Avukat Yazgan, olası bir İstanbul depremi için Otizm Eylem Planının da afet sorununa yanıt vermediğini vurguladı.
Yazgan, şöyle dedi:
“Koordinasyon sürecimizde temel ihtiyaçları karşılanan otistik depremzedeler ve ailelerini ikincil ihtiyaçları bağlamında takip ediyoruz.
“AODA, afet öncesi, esnası ve sonrası için otistikleri kapsayan, otistik varoluşu öngören bir hazırlık, tahliye ve koordinasyon süreci için kamu kurumu niteliğinde meslek kuruluşları ve sivil toplum örgütleri ile ortak çalışmalar yürütmeyi amaçlıyoruz.
“İstanbul’da yalnızca otistikler için değil, nörotipik veya nöroçeşitli her insan için çalışma eksikliği var.
“Deprem bölgesine gönderilecek yardımları, Yenikapı’da denizin doldurulduğu ve deprem için tehlikeli kabul edilebilecek bir alanda yapıyor olmamız İstanbul’un da depreme bakış açısını ve hazırlığını ortaya koyar nitelikte diye düşünüyorum.
“Üst üste ve zayıf yapılan binaların içerisinde de otistikler istenmezken, bu binaların bilimsel olarak öngörülebilir sonunda otistiklere yer açılmasını şu aşamada mümkün görmüyorum.
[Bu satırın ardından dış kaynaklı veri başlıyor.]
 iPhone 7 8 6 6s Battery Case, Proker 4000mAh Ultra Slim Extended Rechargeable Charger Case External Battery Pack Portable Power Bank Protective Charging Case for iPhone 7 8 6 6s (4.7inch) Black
Sorunlu ve çok geride kalmış bir tıbbi bakış açısıyla düzenlenen Otizm Eylem Planı da hiçbir soruna yanıt vermediği gibi afet sorununa da yanıt verebilir konumda değil.
“Otizmli bireylerin tahliye protokolü bakımından öncelikli olduklarını, depremi tipik biçimde algılamayan otistiklerin özgü ihtiyaçlarına kulak verilmesi gerektiğini hatırlatmak istiyorum.”
“Barınma sorunu çözülmeli”
Otistik bireyler için öncelikle duyusal ihtiyaçlarını karşılayabilecekleri bir güven ortamının oluşturulması gerektiğini vurgulayan Psikolog Çiğdem Ergül de şunları anlattı:
“Bu çocukların ihtiyaçlarına bir güven ortamı oluşturmak çok önemli. Belki bir takım yastıklarla dolu yatabilecekleri, vücutlarını bastırabilecekleri bir alan olabilir. Ses hassasiyeti varsa ses izolasyonu sağlayacak kulaklıklar olabilir. Sakinliklerini sağlayan bir güven ortamı ve devamlı barınma sağlanmalı.”